最終話 雨降ってジ・エンド

 秋の空は移り変わりが激しく、地面には灰色と紅をパステルで混ぜ合わせた粒が降り注ぐ。しかし俺と手を絡め合わせる彼女の心模様は、当分は晴れたままな事を約束する。


 下駄箱に続く廊下。

 寧々子ちゃんの手を離す。

 名残惜しそうに、糸が解けるように、するりと指から熱が消えた。


「雨・・・凄いですね・・・」


 学校の玄関、寧々子ちゃんも空に目を向けた。


「本当・・・最近雨多いよね」

「雨、嫌いですか?」

「嫌い。
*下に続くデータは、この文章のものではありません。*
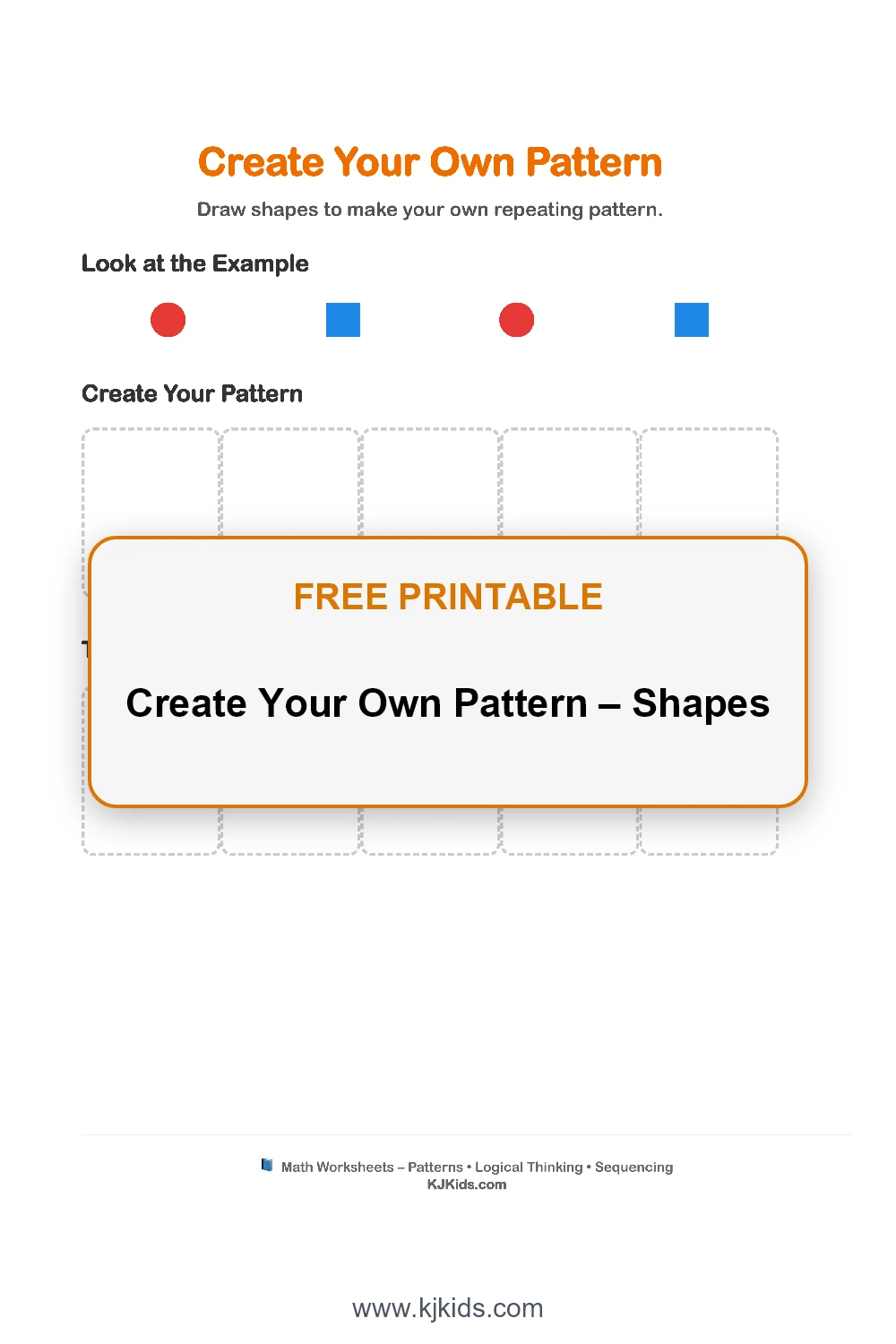 Create Your Own Pattern – Shapes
でも・・・愛する彼女と相合傘とかできたら好きになっちゃうかも」

「私はお迎えが来ますので、それはまたの機会で」

「そう・・・・」

「あまりシュンとしないで下さい。あとで電話しますから」

「じゃあせめて、お迎えくるまで一緒にいるよ」

「ふふ・・・ありがとうございます」


 もう少しだけ寧々子ちゃんと一緒に居られると喜んだのも束の間、その時、俺の横を人影が走り去った。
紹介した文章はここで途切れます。